0

The following program has been running for about ~22 hours on two files (txt, ~10MB ea.). Each file has about ~100K rows. Can someone give me an indication of how inefficient my code is and perhaps a faster method. The input dict are ordered and preserving order is necessary:

import collections

def uniq(input):
  output = []
  for x in input:
    if x not in output:
      output.append(x)
  return output

Su = {}
with open ('Sucrose_rivacombined.txt') as f:
    for line in f:
        (key, val) = line.split('\t')
        Su[(key)] = val
    Su_OD = collections.OrderedDict(Su)

Su_keys = Su_OD.keys()
Et = {}

with open ('Ethanol_rivacombined.txt') as g:
    for line in g:
        (key, val) = line.split('\t')
        Et[(key)] = val
    Et_OD = collections.OrderedDict(Et)

Et_keys = Et_OD.keys()

merged_keys = Su_keys + Et_keys
merged_keys =  uniq(merged_keys)

d3=collections.OrderedDict()

output_doc = open("compare.txt","w+")

for chr_local in merged_keys:
    line_output = chr_local
    if (Et.has_key(chr_local)):
        line_output = line_output + "\t" + Et[chr_local]
    else:
        line_output = line_output + "\t" + "ND"
    if (Su.has_key(chr_local)):
        line_output = line_output + "\t" + Su[chr_local]
    else:
        line_output = line_output + "\t" + "ND"

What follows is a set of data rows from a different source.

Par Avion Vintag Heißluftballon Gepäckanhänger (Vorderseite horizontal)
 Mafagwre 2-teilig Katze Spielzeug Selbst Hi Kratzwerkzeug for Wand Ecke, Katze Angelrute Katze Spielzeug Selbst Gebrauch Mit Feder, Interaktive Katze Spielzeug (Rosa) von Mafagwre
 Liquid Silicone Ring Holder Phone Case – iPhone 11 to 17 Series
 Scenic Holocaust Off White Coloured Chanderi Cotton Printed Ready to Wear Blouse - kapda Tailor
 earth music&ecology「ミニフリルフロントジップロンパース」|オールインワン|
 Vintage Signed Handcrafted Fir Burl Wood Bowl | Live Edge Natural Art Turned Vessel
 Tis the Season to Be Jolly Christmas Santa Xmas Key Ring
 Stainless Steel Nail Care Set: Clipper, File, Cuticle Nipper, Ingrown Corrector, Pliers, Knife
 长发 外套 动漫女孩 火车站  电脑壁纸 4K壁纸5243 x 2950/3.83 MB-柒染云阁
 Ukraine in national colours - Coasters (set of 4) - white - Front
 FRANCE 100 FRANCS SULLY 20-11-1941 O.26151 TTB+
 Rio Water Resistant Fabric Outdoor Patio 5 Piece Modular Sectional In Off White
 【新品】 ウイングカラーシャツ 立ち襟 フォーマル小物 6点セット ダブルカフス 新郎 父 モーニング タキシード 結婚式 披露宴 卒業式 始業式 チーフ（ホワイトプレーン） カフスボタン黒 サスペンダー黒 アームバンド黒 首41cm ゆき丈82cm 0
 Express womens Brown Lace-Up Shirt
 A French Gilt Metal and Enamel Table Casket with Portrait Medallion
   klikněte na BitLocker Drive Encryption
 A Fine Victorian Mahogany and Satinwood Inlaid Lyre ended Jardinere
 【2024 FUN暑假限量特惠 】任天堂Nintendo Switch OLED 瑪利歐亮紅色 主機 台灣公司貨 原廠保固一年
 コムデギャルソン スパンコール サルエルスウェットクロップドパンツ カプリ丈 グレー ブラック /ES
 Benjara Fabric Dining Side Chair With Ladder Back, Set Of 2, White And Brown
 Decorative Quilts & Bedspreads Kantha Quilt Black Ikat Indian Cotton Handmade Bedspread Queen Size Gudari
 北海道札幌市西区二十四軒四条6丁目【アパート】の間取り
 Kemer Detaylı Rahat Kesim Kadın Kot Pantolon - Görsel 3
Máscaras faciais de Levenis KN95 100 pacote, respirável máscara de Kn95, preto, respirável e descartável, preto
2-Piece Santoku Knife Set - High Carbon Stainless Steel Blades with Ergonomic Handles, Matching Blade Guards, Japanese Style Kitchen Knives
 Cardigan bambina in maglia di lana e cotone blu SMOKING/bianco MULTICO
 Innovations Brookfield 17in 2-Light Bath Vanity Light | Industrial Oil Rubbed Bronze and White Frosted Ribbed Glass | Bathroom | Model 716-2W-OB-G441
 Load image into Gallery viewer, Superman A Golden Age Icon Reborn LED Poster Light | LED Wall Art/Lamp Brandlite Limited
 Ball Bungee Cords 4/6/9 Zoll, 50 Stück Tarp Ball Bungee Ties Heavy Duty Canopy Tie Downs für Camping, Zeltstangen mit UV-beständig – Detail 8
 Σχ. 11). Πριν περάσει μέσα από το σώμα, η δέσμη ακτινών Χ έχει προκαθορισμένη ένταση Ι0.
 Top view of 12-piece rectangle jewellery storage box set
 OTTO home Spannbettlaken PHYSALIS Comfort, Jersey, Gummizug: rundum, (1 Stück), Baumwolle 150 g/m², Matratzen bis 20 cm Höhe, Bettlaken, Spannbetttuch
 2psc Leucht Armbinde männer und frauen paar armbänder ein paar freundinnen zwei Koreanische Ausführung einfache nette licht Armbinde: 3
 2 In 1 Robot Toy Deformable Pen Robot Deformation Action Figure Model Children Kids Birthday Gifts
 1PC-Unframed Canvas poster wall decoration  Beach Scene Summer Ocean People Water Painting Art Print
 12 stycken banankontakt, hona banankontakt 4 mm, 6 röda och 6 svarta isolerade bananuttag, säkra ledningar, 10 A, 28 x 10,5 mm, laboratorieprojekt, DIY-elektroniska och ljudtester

    output_doc.write(line_output + "\n")

The input files are as follows: not every key is present in both files

Su:
chr1:3266359    80.64516129
chr1:3409983    100
chr1:3837894    75.70093458
chr1:3967565    100
chr1:3977957    100


Et:
chr1:3266359    95
chr1:3456683    78
chr1:3837894    54.93395855
chr1:3967565    100
chr1:3976722    23

I would like the output to look as follows:

chr1:3266359    80.645    95
chr1:3456683    ND        78
jobrant
  • 25
  • 1
  • 4
  • 1
    Why not profile it on smaller inputs and see for yourself where the time is being spent? – NPE May 02 '12 at 16:04
  • I am not sure how to do that. I ran it earlier on half sized files and it took only about 3 hours. The CPU usage is any 25% and RAM is only about 1.6GB with ~6GB to spare so its not like its stressing resources. I just wonder if I have mis-coded something causing it to continue reading through files unnecessarily. – jobrant May 02 '12 at 16:12
  • Have you verified this does what you want? Because `Su` is a normal dict, you've already lost the filesystem order when you convert it to `Su_OD`. You probably want to create the ordered dict up front? – Francis Avila May 02 '12 at 16:12
  • 1
    Is there some missing indentation below the 'for' portion to ensure the if-elses go through the loops? Rather than repeatedly concatenating strings, you might consider just directly writing instead of constructing line_output each time. Oh, and you might also consider the CSV module for your TSV output. – hexparrot May 02 '12 at 16:13
  • @jobrant: I mean using an automated tool that would tell you where the time is being spent. See http://stackoverflow.com/questions/582336/how-can-you-profile-a-python-script (for best results, you might need to refactor your code a bit.) – NPE May 02 '12 at 16:13
  • @hexparrot. sorry about that, I have edited doc to note. Thanks – jobrant May 02 '12 at 16:22
  • @jobrant able to give us 2 or 3 lines from each of the files so we can best recommend improvements? – hexparrot May 02 '12 at 16:31
  • @hexparrot, I have edited doc to show input format – jobrant May 02 '12 at 16:43
  • I should also add: the program is done now, however the format is wrong. when ND is true it makes format correct, but when two vlaues are present, second values is on new line? When I ran on test data, the input was split on () and produced correct format, this time it is split on ('\t') and format is wrong? – jobrant May 02 '12 at 16:45

3 Answers3

3

Replace uniq with this as the inputs are hashable:

def uniq(input):
  output = []
  s = set()
  for x in input:
    if x not in s:
      output.append(x)
      s.add(x)
  return output

This will reduce a nearly O(n^2) process to nearly O(n).

Dan D.
  • 73,243
  • 15
  • 104
  • 123
1

You don't need your unique function.

pseudo code like:

  1. read file 2 as OrderedDict
  2. process file 1 writing out it's item (already ordered correctly)
  3. pop, with defalut from file 2 for last part of the output line
  4. after file one is consumed process the Ordered dict from file 2

Also, love list comprehensions...you can read the file with:

OrderedDict(line.strip().split('\t') for line in open('Ethanol_rivacombined.txt'))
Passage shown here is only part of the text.